Gemini 2.5 Pro + Claude 4 Sonnet Thinking > Grok 4 >? GPT-5 >> Auto > GPT-5 Mini > Sonic
Grok 4 broken - I like his approach, but he is always unable to continue chat.
Gemini 2.5 Pro less broken, then Grok 4 - It can also interrupt execution in the middle of a task, like Grok, but less often.
Claude Sonnet 4 Thinking very good when he has enough intelligence to do the task, but expensive. Very good as QA Engineer. I usually use it when other models have ■■■■■■ me off with their stupidity or when I’m fed up with the errors in Cursor Agent Chat.
I tried Claude Opus 4.1 Thinking and it was absurdly expensive considering what I got in return.
GPT-5: I’m still trying it out. I switch between GPT-5-high and GPT-5-low.
Sonic (Grok 4 Coder Lite?) is lightning dumb but fast. I really hope that the unnamed provider gave a lightweight version of the neural network, and not a full one.
I previously recommended o4-mini as a budget option. Now it seems slow, and it’s also pretty lazy. So for very simple tasks, use Auto, GPT-5 Mini, or Sonic. Or GPT-5-low - it’s pretty cheap and powerful.
I also recommend giving my tools a try (though I’ve had to put them developing on hold for now ).
@condor Reddit say me that Reddit-version in r/Cursor was autodeleted by Reddit autofilters, even if I remove my Github links from it. Can you help me somehow?
I sent it to Reddit mods. They mentioned that autofilters are not managed by mods so this is automatic. Also it seems your account there was suspended which may be a reason why its not showing as well.
Edit: Moved Gemini to the top of the food chain. Still not 100% stable, but for complex tasks it’s the best in terms of cost/quality ratio.
Grok 4 also approaches tasks comprehensively and in some cases is better than Gemini, but he is chaotically good.
Gemini is good for writing code. For debugging too.
Claude is worse in code architecture. Perhaps I am not using a completely correct and complete term, but that is exactly the feeling.
Gemini sometimes breaks right in the middle of execution. Claude is absolutely stable.
The main thing: they have different approaches. When one works poorly, let the other one have a look.
Well, Claude is the least lazy of all the models. Sometimes this is bad. But if you intentionally launch it with this intent, it turns out great.

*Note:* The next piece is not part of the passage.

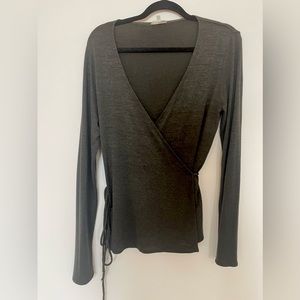 Aritzia Wilfred Free Olive Green Side-Tie Ballet Style Long Sleeve Top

Grok 4 is sometimes smarter and can sometimes work for tens of minutes without interruption. But I can’t say that it’s better than Gemini or Claude. At least I couldn’t achieve such an effect, although I really hoped for Grok.

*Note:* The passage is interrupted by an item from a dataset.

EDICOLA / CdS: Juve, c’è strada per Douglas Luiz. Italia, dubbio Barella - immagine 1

If you are a user of Agent Compass, then at the end of its work, Agent outputs a report. GPT-5 is lying in these reports, even if she has evidence that she is lying. Neither Gemini nor Claude allow themselves to do this.
My choice of models now: Gemini 2.5 Pro, GPT-5-high, Grok 4, Grok Coder Fast
Gemini 2.5 Pro and GPT-5-high: GPT-5-high is smarter, but Gemini less lazzy. I thought Gemini had a more complex approach because he’s smarter, but in reality, the GPT-5 is just a soulless machine that does only what it was asked to do in the last request. You can’t even give her hints on the way through the Send to Queue - she’ll just ignore the previous commands and do only what was in this short hint.
Grok 4 is expensive and still broken. Occasionally I run it for a different look at the problem.
Grok Coder Fast - I use it to quickly collect information about something in the repository. But sometimes he’s too dumb even for that. It can be replaced with Auto or GPT-5-mini (I haven’t tried -nano, as mini is already quite far behind in intelligence)
Claude Sonnet 4 Thinking - I like him, but he’s too expensive relative to everyone else.